Aim of the task:
Only an exact copy is wanted: the lines from the one holding "Toddler Boys Girls" through the last line below, minus the pictures.

Dataset:
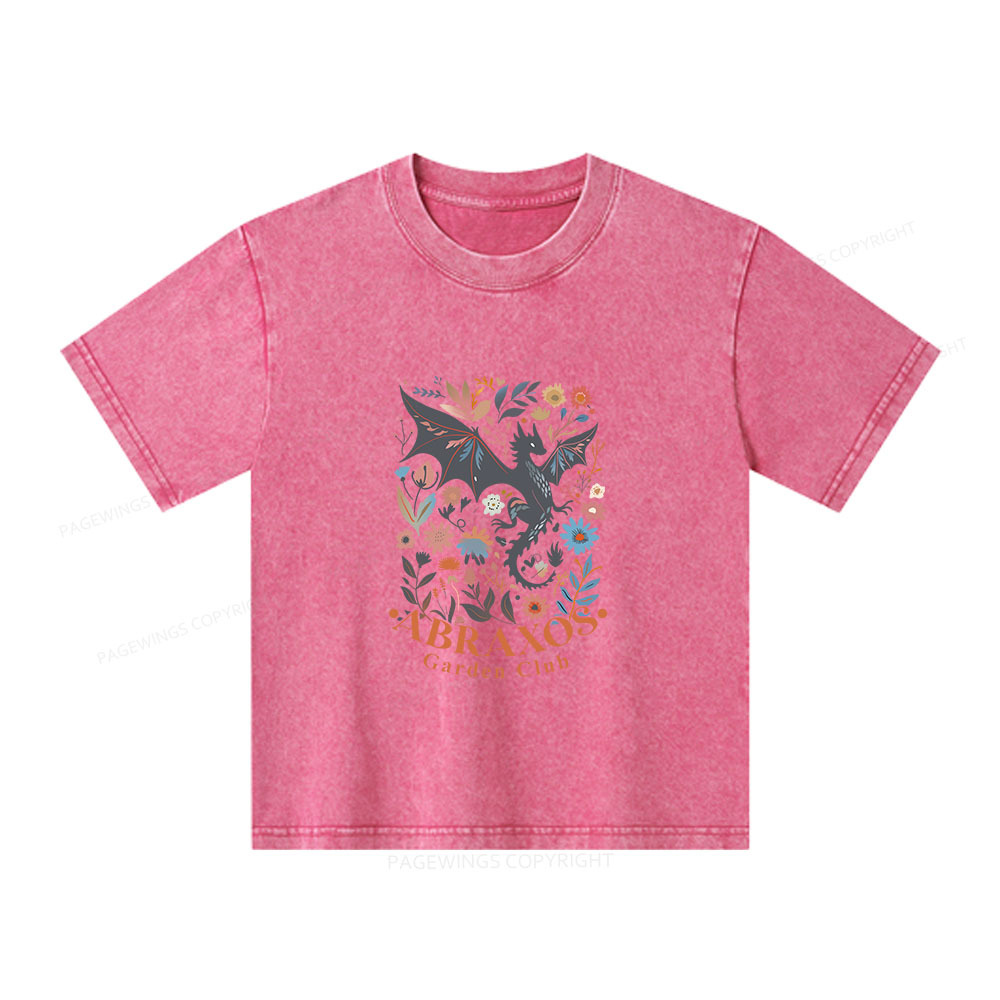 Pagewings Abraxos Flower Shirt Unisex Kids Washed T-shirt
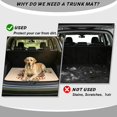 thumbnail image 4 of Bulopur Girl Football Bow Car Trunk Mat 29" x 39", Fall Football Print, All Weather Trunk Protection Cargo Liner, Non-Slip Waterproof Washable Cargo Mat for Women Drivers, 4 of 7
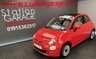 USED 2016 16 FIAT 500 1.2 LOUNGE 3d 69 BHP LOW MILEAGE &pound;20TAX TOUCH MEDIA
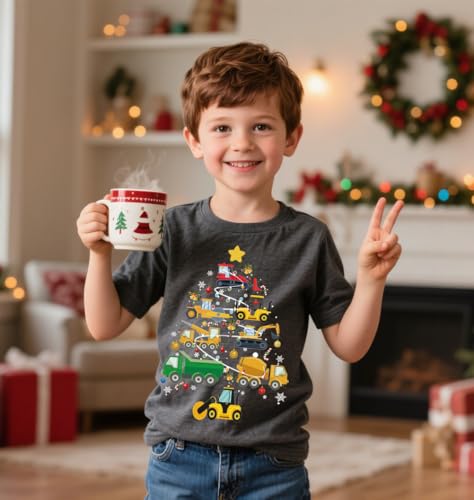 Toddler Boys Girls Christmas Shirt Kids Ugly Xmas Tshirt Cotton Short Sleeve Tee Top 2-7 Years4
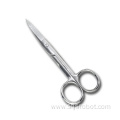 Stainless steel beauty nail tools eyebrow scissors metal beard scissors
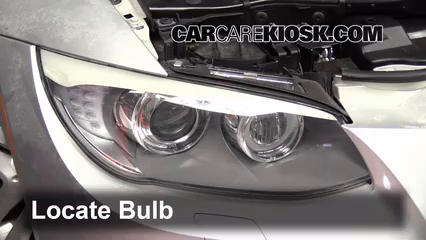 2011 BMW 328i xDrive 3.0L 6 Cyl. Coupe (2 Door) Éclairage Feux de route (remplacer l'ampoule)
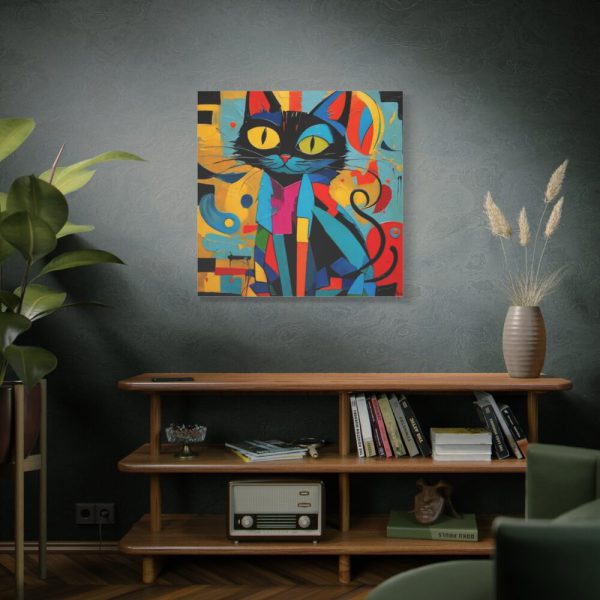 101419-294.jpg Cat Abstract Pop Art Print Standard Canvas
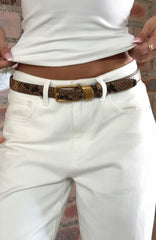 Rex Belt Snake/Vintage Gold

Answer:
 Toddler Boys Girls Christmas Shirt Kids Ugly Xmas Tshirt Cotton Short Sleeve Tee Top 2-7 Years4
 Stainless steel beauty nail tools eyebrow scissors metal beard scissors
 2011 BMW 328i xDrive 3.0L 6 Cyl. Coupe (2 Door) Éclairage Feux de route (remplacer l'ampoule)
 101419-294.jpg Cat Abstract Pop Art Print Standard Canvas
 Rex Belt Snake/Vintage Gold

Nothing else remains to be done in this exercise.